On 19 July 2014 the Open Working Group of the United Nations agreed on a draft set of 17 SDGs, taking the first steps toward a renewed development agenda for after 2015. To mobilize the resources for a renewed development agenda beginning in January of next year, the General Assembly agreed to convene the FfD, which will take place 13-16 July 2015 in Addis Ababa. The conference will occur shortly before the September 2015 UN Summit that is expected to agree on the ambitious post-2015 SDGs. Developing countries lobbied intensely to have the FfD conference precede the summit because they have become increasingly skeptical about taking on new international obligations—implicit in the draft SDGs—without adequate resources and the enabling international economic environment to meet new obligations.
The Global Economic Situation
When the FfD Conference takes place, the global economy will still be struggling to overcome the near collapse in 2007-2008 of the international financial system.

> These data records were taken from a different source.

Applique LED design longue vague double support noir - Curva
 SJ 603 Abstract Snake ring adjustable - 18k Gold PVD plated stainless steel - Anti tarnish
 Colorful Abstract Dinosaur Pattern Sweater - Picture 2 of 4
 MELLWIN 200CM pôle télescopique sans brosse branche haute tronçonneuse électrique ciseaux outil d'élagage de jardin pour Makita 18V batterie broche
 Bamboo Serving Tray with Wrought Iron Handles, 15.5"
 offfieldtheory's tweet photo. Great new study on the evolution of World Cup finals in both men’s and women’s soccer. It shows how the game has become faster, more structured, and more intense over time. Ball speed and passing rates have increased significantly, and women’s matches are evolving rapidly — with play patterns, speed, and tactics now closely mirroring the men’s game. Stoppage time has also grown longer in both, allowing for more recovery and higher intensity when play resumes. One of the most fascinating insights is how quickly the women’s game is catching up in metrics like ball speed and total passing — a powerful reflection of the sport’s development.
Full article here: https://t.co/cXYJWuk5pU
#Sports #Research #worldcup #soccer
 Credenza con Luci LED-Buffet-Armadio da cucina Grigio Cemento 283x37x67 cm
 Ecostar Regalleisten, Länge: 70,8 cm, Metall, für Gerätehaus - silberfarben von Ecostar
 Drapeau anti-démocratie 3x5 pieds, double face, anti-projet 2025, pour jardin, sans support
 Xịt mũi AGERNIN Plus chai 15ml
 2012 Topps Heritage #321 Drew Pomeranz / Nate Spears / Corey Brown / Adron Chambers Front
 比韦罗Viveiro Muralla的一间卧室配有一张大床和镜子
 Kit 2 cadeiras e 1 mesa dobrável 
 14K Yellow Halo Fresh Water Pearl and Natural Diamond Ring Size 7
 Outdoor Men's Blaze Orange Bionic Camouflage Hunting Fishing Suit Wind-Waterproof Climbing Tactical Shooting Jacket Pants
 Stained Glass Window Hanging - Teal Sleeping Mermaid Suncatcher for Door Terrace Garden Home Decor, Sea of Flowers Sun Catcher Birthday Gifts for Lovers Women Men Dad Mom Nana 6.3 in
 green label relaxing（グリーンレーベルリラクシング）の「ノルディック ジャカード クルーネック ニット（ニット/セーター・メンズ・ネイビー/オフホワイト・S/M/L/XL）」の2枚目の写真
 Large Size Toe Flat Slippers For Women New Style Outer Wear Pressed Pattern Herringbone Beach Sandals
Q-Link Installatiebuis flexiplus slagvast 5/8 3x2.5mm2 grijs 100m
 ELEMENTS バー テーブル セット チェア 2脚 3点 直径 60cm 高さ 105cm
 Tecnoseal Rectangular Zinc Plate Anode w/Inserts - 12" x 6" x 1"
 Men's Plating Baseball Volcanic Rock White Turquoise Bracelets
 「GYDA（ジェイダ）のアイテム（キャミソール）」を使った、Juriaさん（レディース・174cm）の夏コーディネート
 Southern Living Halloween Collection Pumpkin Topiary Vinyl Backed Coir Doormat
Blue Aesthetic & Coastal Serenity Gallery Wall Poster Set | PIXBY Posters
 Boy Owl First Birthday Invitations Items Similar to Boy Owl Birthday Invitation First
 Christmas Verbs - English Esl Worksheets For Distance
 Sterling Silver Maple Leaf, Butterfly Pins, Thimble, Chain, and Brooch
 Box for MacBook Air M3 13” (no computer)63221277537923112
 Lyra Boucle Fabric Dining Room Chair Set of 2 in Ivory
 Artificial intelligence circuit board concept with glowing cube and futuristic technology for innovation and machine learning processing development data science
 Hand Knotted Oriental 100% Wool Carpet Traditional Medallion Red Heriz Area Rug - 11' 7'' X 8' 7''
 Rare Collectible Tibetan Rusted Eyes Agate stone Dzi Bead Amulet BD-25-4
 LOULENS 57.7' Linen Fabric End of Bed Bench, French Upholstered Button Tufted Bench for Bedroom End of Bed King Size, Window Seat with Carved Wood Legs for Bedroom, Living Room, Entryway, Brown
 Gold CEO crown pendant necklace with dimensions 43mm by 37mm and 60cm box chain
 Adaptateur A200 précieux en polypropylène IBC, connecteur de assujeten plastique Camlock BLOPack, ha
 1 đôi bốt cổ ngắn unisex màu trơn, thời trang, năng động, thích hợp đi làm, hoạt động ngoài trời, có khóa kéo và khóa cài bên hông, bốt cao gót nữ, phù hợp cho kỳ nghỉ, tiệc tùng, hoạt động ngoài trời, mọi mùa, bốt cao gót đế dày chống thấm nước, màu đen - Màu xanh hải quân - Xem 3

Unlike previous crises, the current one originated in the developed North. For the countries of the global South, the first reality is that they are net investors in developed countries. The international financial system is not mobilizing resources for development for them. For almost two decades, the net flow of investment has been from developing to developed countries.
Developing country international reserves can help stem some potential financial problems, but they certainly are not large enough to withstand large bank runs. Industrialized economies, middle income developing countries, and even quite a few least developed countries have removed foreign exchange controls both on the inflow and outflow sides over portfolio investment activities (except for those suspected of terrorist links). As a result, the international economy is now shorn of many public policy tools to monitor and control volatile private capital movements. The conventional wisdom was that allowing freer capital movements would increase the availability of financing for developing countries and thus raise their rates of investment.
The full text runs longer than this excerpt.